We then used a system of rejection according to the above criteria to whittle down the methods. We also rejected ‘first draft’ methods that had been subsequently usurped by improved versions (e.g. MCR by MSER-5). Those methods not rejected in this fashion could then be tested by ourselves with regards to the above criteria and rejected or not rejected accordingly. The aim is to end up with one or more methods that function well according to our criteria.

The graphical methods were mainly rejected on grounds of easy automation,since they require user intervention,and accuracy. Automation would require invention of an automatic method to judge ‘flatness’ of line accurately (and ‘smoothness’ in the case of Welch’s method). A large variation in the data output makes it difficult to judge where ‘flatness’ occurs. Many graphical methods use cumulative statistics which react slowly to changes in system status. Cumulative averages tend to converge more slowly to a steady state than do ensemble averages (Wilson and Pritsker, 1978a) which can lead to overestimationof the truncation point. The majority of statistical methods were rejected on grounds of easy automation, generality or accuracy. For instance, the Kelton and Law Regression method is criticised in the literature for being complex to code (Kimbler and Knight, 1987). This is partially due to the large number of parameters that require estimation.The statistical methods accepted for more testing were the Goodness of fit test, Algorithm for a static dataset (ASD), Algorithm for a Dynamic data set (ADD) and the Wavelet-based spectral method (WASSP). The majority of Heuristic methods were rejected on grounds of accuracy, generality and easy automation. Those heuristics not rejected were MSER-5, Kimbler’s Double Exponential Smoothing and Euclidean Distance Method (ED). All the initialisation bias tests, except for Schruben’s Max Test (rejected on robustness reasons), were taken forward to testing. The hybrid methods have not been considered as yet.

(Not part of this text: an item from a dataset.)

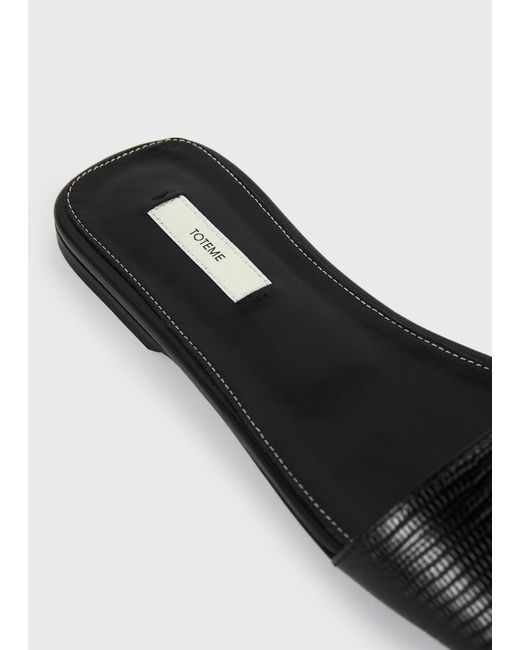 Totême White Slim Lizard-Embossed Bandeau Slides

6. PRELIMINARY test results

The testing is in its early stages but so far, of the truncation methods tested, the MSER-5 method seems the most promising. The ASD and ADD methods require a large number of replications which was deemed unsatisfactory for our purposes. WASSP needed a very large amount of data (approx 6000 minimum) which was also deemed unsatisfactory. Kimbler’s double exponential smoothing method consistently underestimated the truncation point by a long way and was therefore rejected.

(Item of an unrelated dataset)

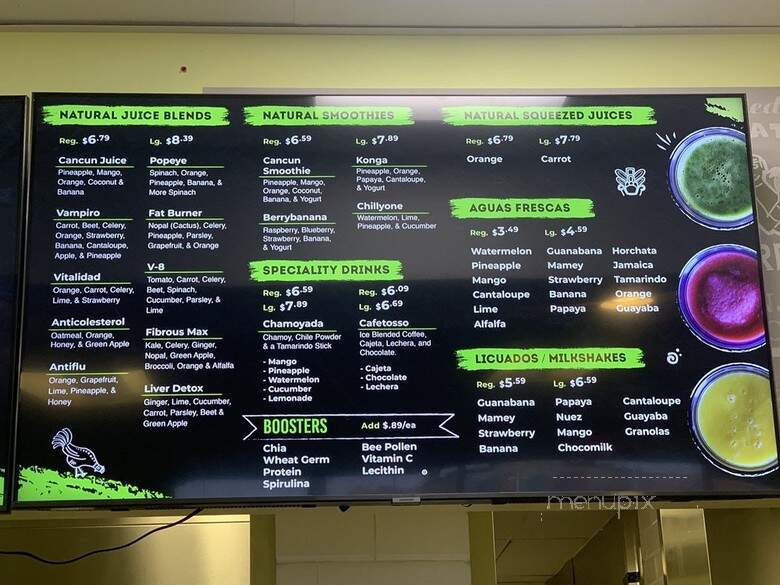 Cancun Juice - Costa Mesa, CA menu_pic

In general the sequential methods assume a monotonic decreasing or increasing bias function and therefore do not cope with the mean shift bias. Methods that analyse all the data given (in one go), using the information that all the data provides, seem more able to cope with a larger variety of bias types and seem more suited to automation.

The Initialisation Bias tests are still in the process of being tested. Problems occurred when implementing the Rank test because of conflicting information in the two separate papers that describe this test. We are not satisfied that there is sufficient information in the original paper to reproduce this test correctly.

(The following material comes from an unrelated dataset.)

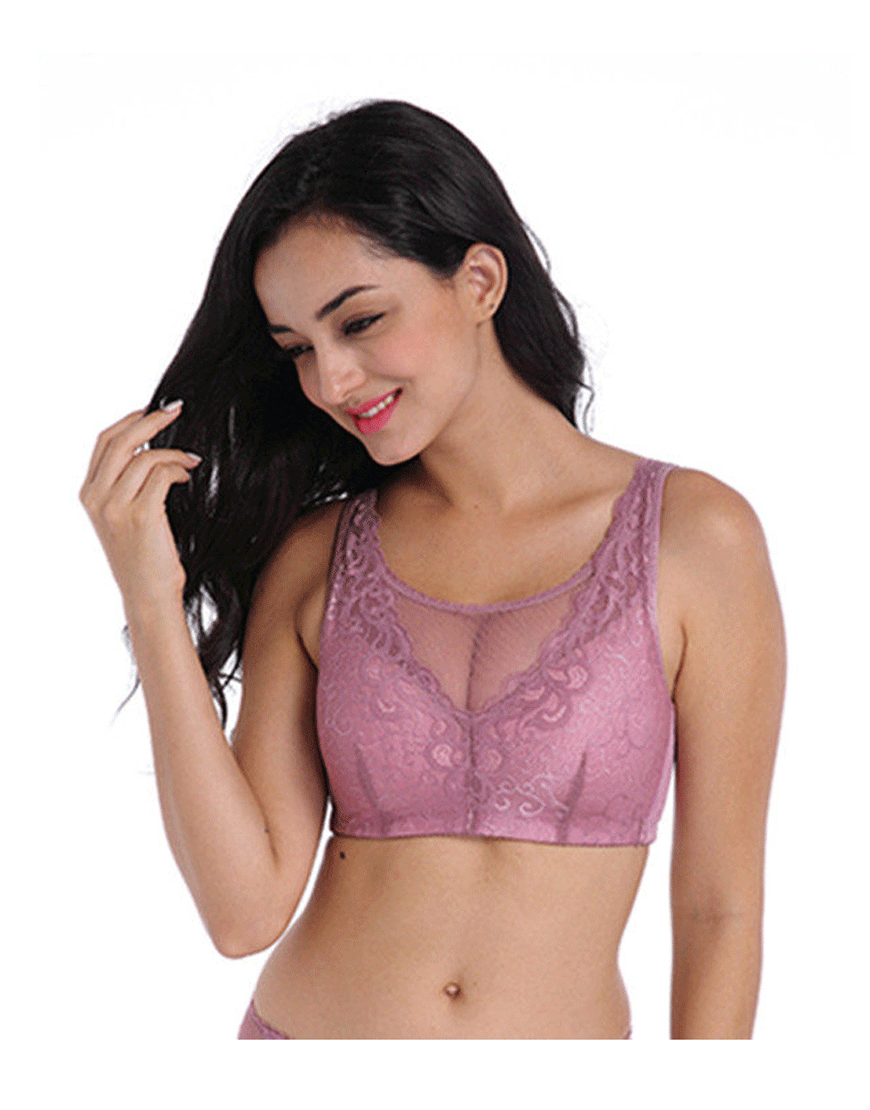 Fashionable lace post-surgery bra with pockets – purple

The MSER-5 truncation method, in preliminary testing, has performed the best and most consistently. One draw back is that it can sometimes erroneously report a truncation point at the end of the data series. This is because MSER can be overly sensitive to observations at the end of the data series that are close in value (Delaney, 1995,Spratt, 1998). This is an artefact of when the simulation is terminated(Spratt, 1998). This can be mostly avoided by not allowing the algorithm to consider the standard errors calculated from the last few data points (we have chosen a default value of 5 points). This does not completely eradicate the problem however. It has also been suggested that the MSER method can be sensitive to outliers in the steady state data (Sandikci and Sabuncuoglu, 2006). We have also observed that it can fail to function properly when faced with highly auto-correlated data (though this ‘failing’ is not isolated to just the MSER method).It will therefore probably be necessary to encase this method within a simple heuristic framework and possibly in combination with a good initialisation bias test in order to manage method failures.